Capita a volte di voler descrivere un fatto, un evento, ma di non sapere da quale momento iniziare e, soprattutto, di non riuscire a riallineare i pensieri. Questo succede sovente quando l’oggetto del racconto appartiene ai momenti “belli”, quelli da ricordare più volte davanti ad una birra con gli amici che li hanno condivisi, da raccontare a orecchie che li hanno già sentiti cento volte ma che sono pronte a riascoltarli e a sorridere.
La gita ai passi francesi è sicuramente stata un’avventura “bella”, riuscita, grazie a tre elementi che si sono amalgamati dando origine ad un piatto ricco, saporito, tutto da gustare: la bellezza dei luoghi visitati, la compagnia frizzante, la libertà che sempre ci viene regalata dalla motocicletta.

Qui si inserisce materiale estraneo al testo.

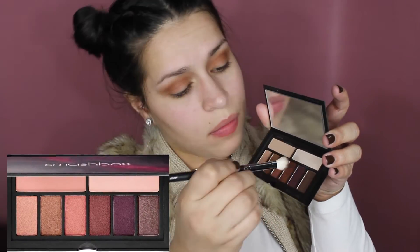The next color I'm going to take is the purple one — it's the fifth from the left. I'm mainly going to use this on the outer corners of my eye and then blend it into the crease all the way to the front of my eye.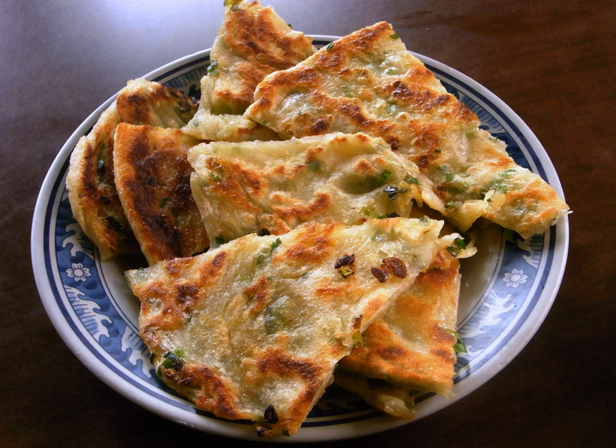Kong yu bing — in simplified Chinese, traditional Chinese, and pinyin — with Mandarin pronunciation 'tsju pi', also known as a scallion pancake, is a Chinese savory unleavened flatbread folded with oil and minced scallions (green onions).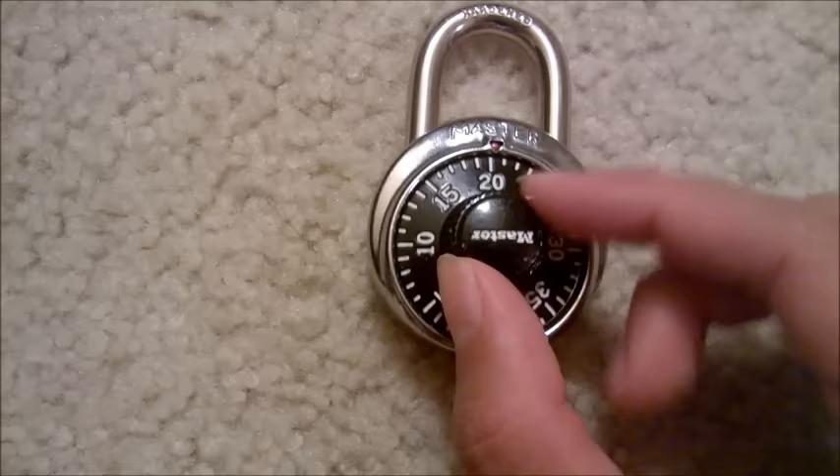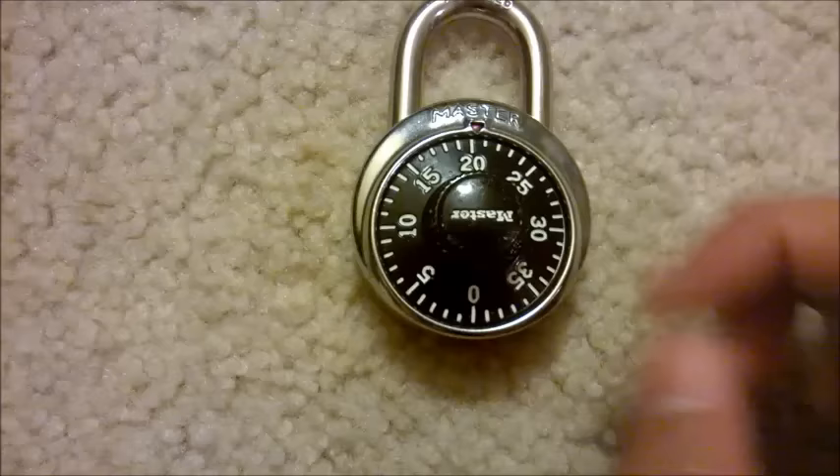Now I turn it back clockwise to my third number the first time I pass it. So if my number were 30, I simply just stop on 30. Now all I have to do is just give it a simple pull and the lock should open.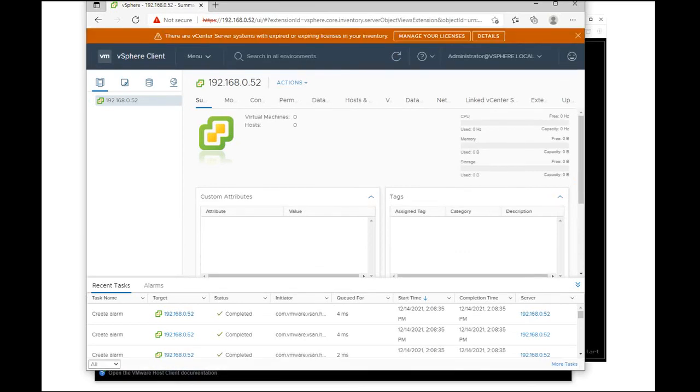As we can see, we were able to successfully install the vSphere. We don't have any VMs or hosts at the moment but we were able to successfully install the vSphere which we could use for testing basically.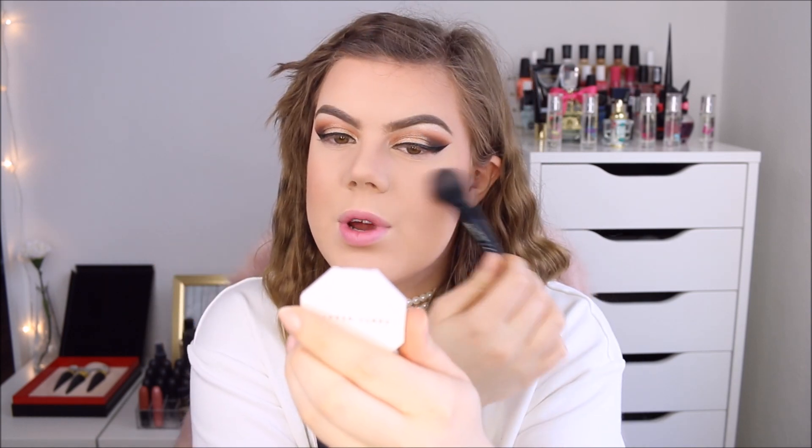Moving on to blush — I'm going to use the blush from the Eye and Face Palette by Essence. It's a nice peachy color with a little bit of shimmer. Please don't mind the pink lips with this blush — I'm not going to wear a pink lip. This blush is really pretty and really easy to use, not too pigmented and not hard to blend.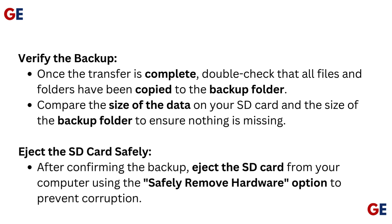Eject the SD card safely. After confirming the backup, eject the SD card from your computer using the Safely Remove Hardware option to prevent corruption.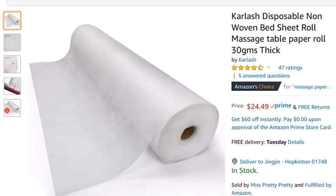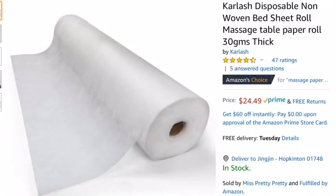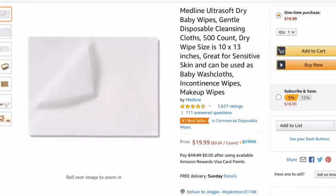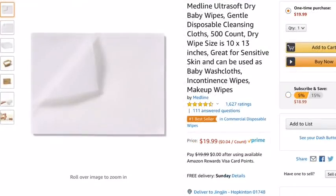Hi everybody. Right now in the United States there's a shortage of surgical masks, so I'm going to be showing you how to make your own. I'm a former lab technician and this is a technique that we used whenever we had to deal with hazardous compounds and masks were not available.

Elementi che si sono concentrati in poche ore, forse poco più di ventiquattro, come la benzina nella camera di combustione: non poteva non essere un’uscita col botto!
I posti che abbiamo conquistato con le nostri armi a due, tre o quattro cilindri, rappresentano sicuramente l’incanto della natura: parliamo dei passi francesi tra le Alpi Cozie e le Alpi Marittime, con le loro cime aguzze e desolate avvolte nel silenzio interrotto solo dallo sbuffare del vento, dal rombare delle moto, o dal fiato spezzato di un impavido ciclista che si arrampica su una strada infinta e impossibile. Chissà quale frastuono scorre su quelle pareti scoscese quando si scatena un temporale, o quanto freddo possa far compagnia ad una nevicata. Per fortuna sono situazioni che non abbiamo sperimentato, almeno per questa volta.
I paesaggi che si sono schierati davanti alla nostra testa puntata verso la strada sono stati i più vari: da quelli lunari che caratterizzano le quote oltre i 2.000 mt a quelli rigogliosi delle valli; emozionanti i canyon in cui ci siamo infilati tra una curva e l’altra, scomparendo nelle gallerie scavate nella roccia viva per riapparire poi poche decine di metri oltre, a volte accolti dal giallo sole, altre volte piombando nella penombra di una valle; i parchi cittadini ai bordi della strada hanno dato un po’ di respiro dopo la salita e la discesa senza indugi dai passi, segnati da percorsi disegnati senza senso come in uno scarabocchio, ma che proprio per il loro non-senso, per l’imprevedibilità, ci hanno fatto tanto divertire con le loro curve, i dossi, i punti ciechi ed il brivido dell’imprevisto.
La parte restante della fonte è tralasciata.